Specchio dell’autrice da giovane, Rosa arriva dalla Piccola Città, padre operaio e madre impiegata part-time alla Standa. Nessun dramma particolare alle sue spalle: si percepisce, anzi, nel modo con cui la ragazza entra nella Grande Città la sicurezza ontologica (in questo caso non sfacciata, più interna che esibita) che hanno i figli molto amati, quelli che vengono lasciati in pace a crescere. Il processo di allontanamento di Rosa dalla provincia è un fatto naturale, che si modula attorno ai passi affebbrati e insieme consapevoli di una iniziazione sentimentale. Romanzo di formazione in senso compiuto, Per strada è la felicità segue Rosa nel suo apprendistato umano, sessuale, politico, anno per anno. Luogo dell’accadere mitico: Roma.

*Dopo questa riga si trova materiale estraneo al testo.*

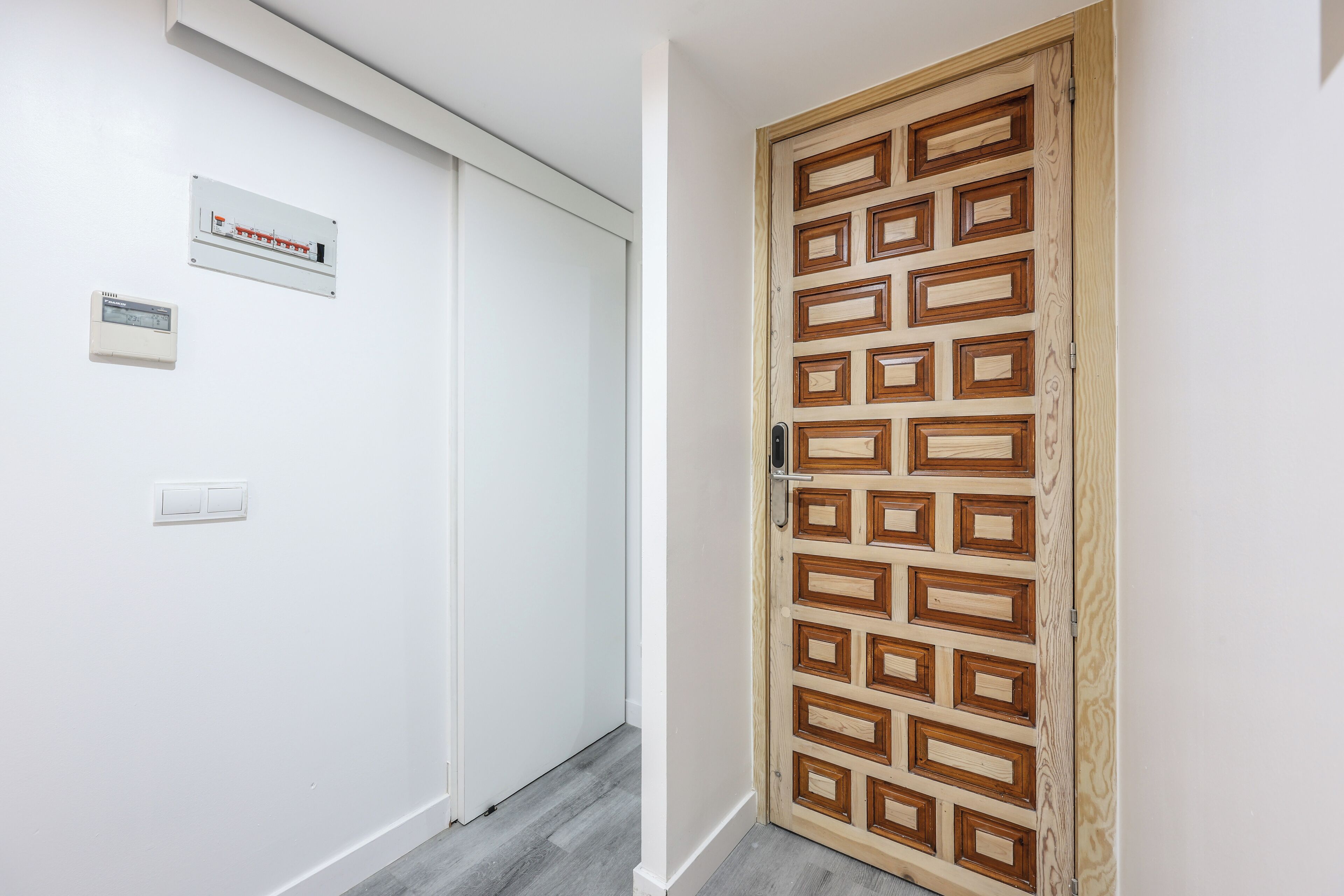 Un couloir avec une porte en bois, un interrupteur et un thermostat fixés au mur.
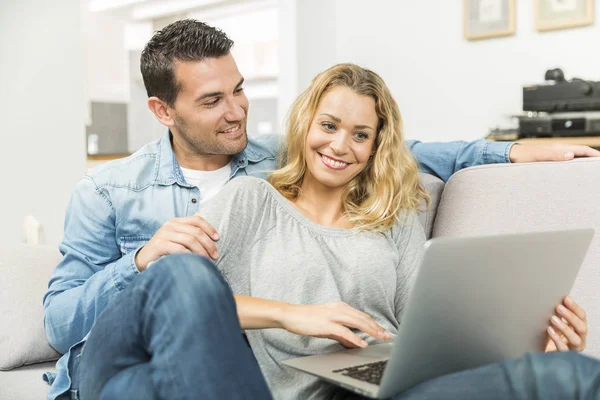Casal jovem aproveitando ao máximo as novas tecnologias em sua casa — Fotografia de Stock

Il 1968 entra in scena con la fatica dei ciclostili scaricata sul corpo delle giovani donne (agli uomini il privilegio della parola e del palco), con le occupazioni, la scoperta dell’eros e l’esperienza della Comune, la prima casa in cui vivere insieme agli altri studenti in rivolta. Nel 1969, Rosa conosce da vicino gli operai della Fiat, in una giornata di fuoco e tempesta che avrebbe messo, in maniera subliminale, attraverso l’esperienza di una amicizia paziente, ben altre radici sentimentali nella sua vita. Ed è nel 1970 che cresce in Rosa, passo dopo passo, all’inizio silenziosamente, poi con un simbolismo teatrale (aspettiamo il film: sarebbe un peccato non farlo), il germe della rivolta femminista, che porterà a un addio e a una lunga corsa verso la libertà.

Rosa più Rosa

Rosa non è sola. Con lei c’è Rosa Luxembourg. E’alle pagine teoriche della pensatrice polacca che all’inizio la ragazza si rivolge, spinta dal suo professore, ma ben presto la tesi di laurea cambia forma, e sono le lettere di Rosa Luxembourg a Leo Jogiches il combustile delle sue nuove notti, la trama incendiaria attorno a cui scolpire i giorni della consapevolezza.Mentre scopre che Rosa Luxembourg, la grande teorica e rivoluzionaria ammirata da Lenin,«aveva sbagliato», consegnandosi, pur nella contraddizione dei gesti e delle parole, alle prepotenze dell’uomo che amava, Rosa Miglietta arriva a gettare le basi di una nuova rivoluzione, in compagnia di altre compagne sue coetanee, per allontanare sul nascere lo spettro della sottomissione, la costruzione di un perfetto sistema di obbedienza e violenza che trova nella legge amorosa la sua plateale giustificazione. Tutto questo passa, in Rosa, attraverso il dolore della separazione, la forza del distacco.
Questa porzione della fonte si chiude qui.